History of Germany

Discover the fascinating history of Germany

From 843 to 1806, area now known as Germany was a medieval empire. Known as the Holy Roman Empire of the German Nation, the empire managed to expand its influence quite successfully with the help of the Catholic Church, the Hanseatic League and the Teutonic Order. However, in 1530 attempts at a Protestant Reformation failed leading to inter-German strife and a period of battle known as the Thirty Years War. Though it did manage to regain peace in 1648, war had weakened the country making it an easy target to be overrun and dissolved in 1806 during the Napoleonic Wars. At this point Austria became divided from the rest of the country.

After the fall of Napoleon, Germany was restructured and divided into 39 states. Before long, Germany began to be shaped by the Industrial Revolution which led to industrialization and poverty. Following the lead of France, both German intellectuals and commoners began a series of Revolutions in Germany. Initially, the monarchs yielded to the liberal demands but King Frederick William IV rejected the crown based on the fact that he would have no power. This resulted in the demise of the national assembly. Before long, King Wilheim I and the parliament had conflicting ideas regarding military reforms and a prime minister was elected. War was successfully waged on Denmark, Austria and France.

The German Empire was proclaimed in Versailles in 1871 after the defeat of the French. This was the first time modern Germany was unified as a nation state. Germany was somewhat re-united once more, with the exception of Austria. Colonies were established and it seemed as if Germany was destined for years of peace. However, William II forced Bismarck out of parliament and took an imperialistic course which led to friction with neighboring countries. Most of the alliances that had been made in the past were not renewed. On the 28th of July 1914, Germany saw the beginning of World War I. They took the side of the Central Powers who lost against the Allied Powers. In 1918, the German Revolution erupted and all ruling princes as well as the emperor abdicated. In 1919, the Treaty of Versailles was signed and the high-demands of this treaty were seen as been humiliating for Germany and as a continuation of war through bureaucracy.

During the 1920s, Germany thrived as the Weimar Republic. However, the Great Depression brought severe economic hardship - especially because of the harsh peace conditions that had been dictated by the Treaty of Versailles. As a result, German voters began to support anti-democratic parties.

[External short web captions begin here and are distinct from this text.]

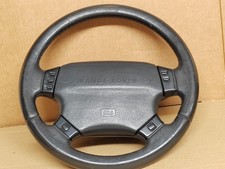 LAND ROVER RANGE ROVER P38 STEERING WHEEL  (0926)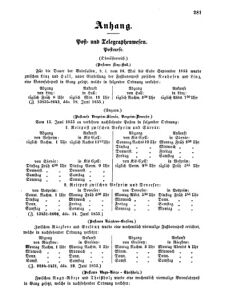 Verordnungsblatt für die Verwaltungszweige des österreichischen Handelsministeriums 18550703 Seite: 21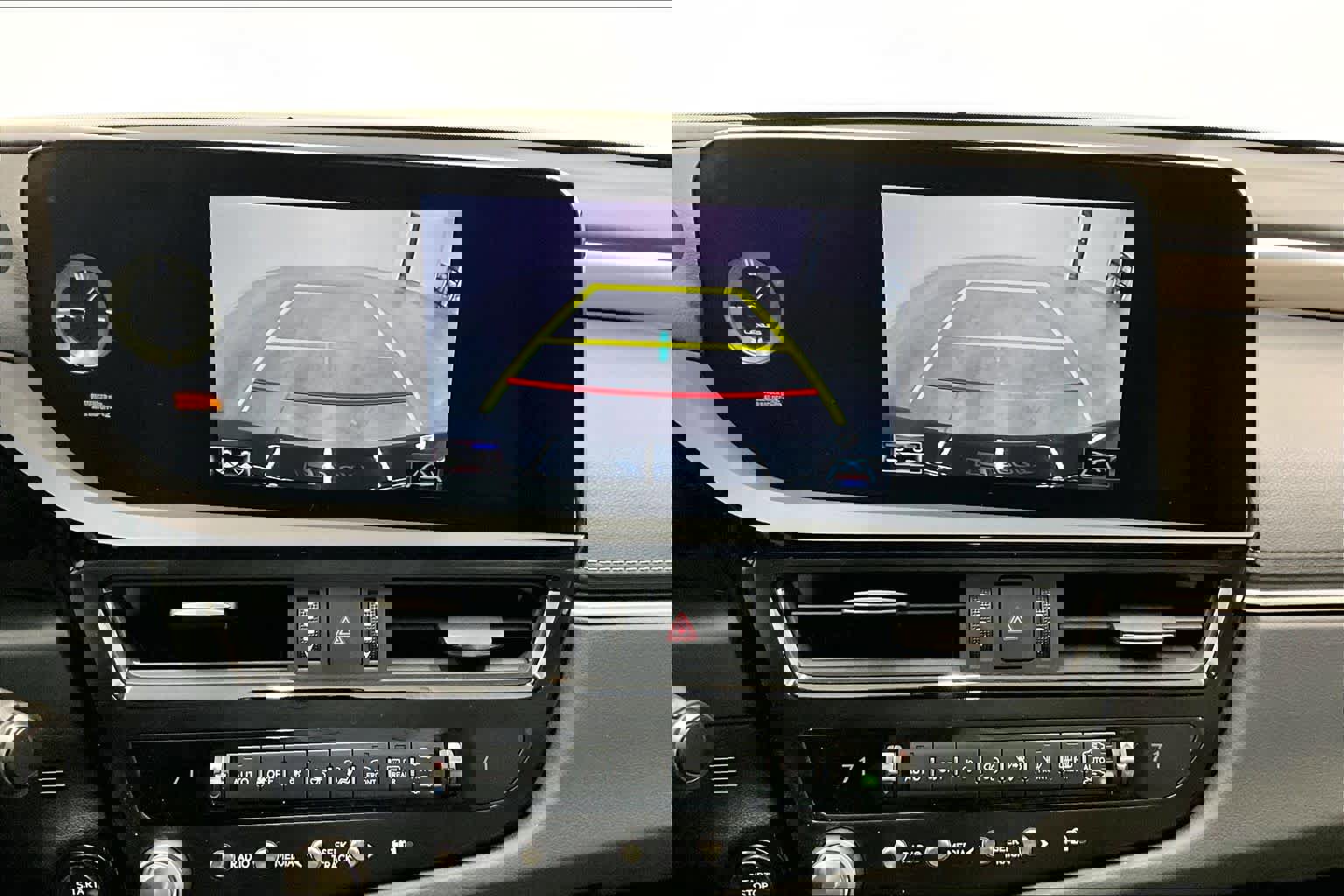 Used 2022 Lexus ES 350 F Sport image 25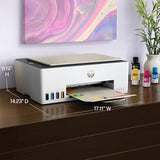 HP Smart Tank 5000 Wireless All-in-One Ink Tank Printer, Scanner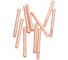 Зажимная цанга GROIT 2.0 L50 (10N23M) (702.0012) 10 шт G10N23M 4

On the 30 of January 1933, Adolf Hitler was appointed Chancellor of Germany. Nearly a month later, the basic rights of the people were abrogated under an emergency decree and Hitler's government gained full legislative power. A totalitarian state was established and the Third Reich began.

Over the next few years, Nazi government outlawed all opposing parties, turned trade and industry towards production that would aid war and founded the Gestapo state police. Support for these actions was maintained by lowering of the unemployment rate through public works projects and deficit spending. Not long after this, Hitler started promoting a policy of expansionism whereby he wished to create a "Greater Germany" and unify with Austria. In 1939, Germany launched a Blitzkrieg against Poland which ultimately led to World War II. During this time many atrocities - both to conquered countries, prisoners and certain targeted racial and religious groups - occurred. Though Germany initially gained much territory and seemed unstoppable, there efforts came to a screeching halt in 1945 when faced with the armies of the Soviet Union, Great Britain, France and the United States.

Yet again, Germany was divided. They suffered notable territorial losses. West Germany and West Berlin came under the control of the Western allies and East Germany and East Berlin was controlled by the Soviet Union. The Berlin Wall was built by East Germany to maintain this separateness. After much unrest and talk, people from East Germany were allowed to cross to West Germany and the degradation of the then current political state of affairs began to deteriorate. Eventually the Berlin Wall was broken down and Germany became reunited.